» **Assigned task**
Set down exactly the lines from the one containing "เก้า สุภัสสรา ตรวจเจอเนื้องอกในมดลูก" through the last line of the records below, both included, and nothing else.

(Beginning of Data supplied)

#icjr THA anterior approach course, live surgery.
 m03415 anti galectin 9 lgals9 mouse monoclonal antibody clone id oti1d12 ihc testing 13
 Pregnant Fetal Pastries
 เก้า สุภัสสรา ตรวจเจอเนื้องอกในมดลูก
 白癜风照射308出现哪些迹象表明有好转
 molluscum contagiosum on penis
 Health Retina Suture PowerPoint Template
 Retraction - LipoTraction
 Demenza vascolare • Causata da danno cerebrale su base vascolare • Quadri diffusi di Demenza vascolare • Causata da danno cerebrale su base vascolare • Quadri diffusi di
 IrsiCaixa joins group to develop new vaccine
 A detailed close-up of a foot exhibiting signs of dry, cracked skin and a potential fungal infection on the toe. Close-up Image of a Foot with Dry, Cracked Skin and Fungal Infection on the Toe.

(End of Data supplied)

» **Final answer**
 เก้า สุภัสสรา ตรวจเจอเนื้องอกในมดลูก
 白癜风照射308出现哪些迹象表明有好转
 molluscum contagiosum on penis
 Health Retina Suture PowerPoint Template
 Retraction - LipoTraction
 Demenza vascolare • Causata da danno cerebrale su base vascolare • Quadri diffusi di Demenza vascolare • Causata da danno cerebrale su base vascolare • Quadri diffusi di
 IrsiCaixa joins group to develop new vaccine
 A detailed close-up of a foot exhibiting signs of dry, cracked skin and a potential fungal infection on the toe. Close-up Image of a Foot with Dry, Cracked Skin and Fungal Infection on the Toe.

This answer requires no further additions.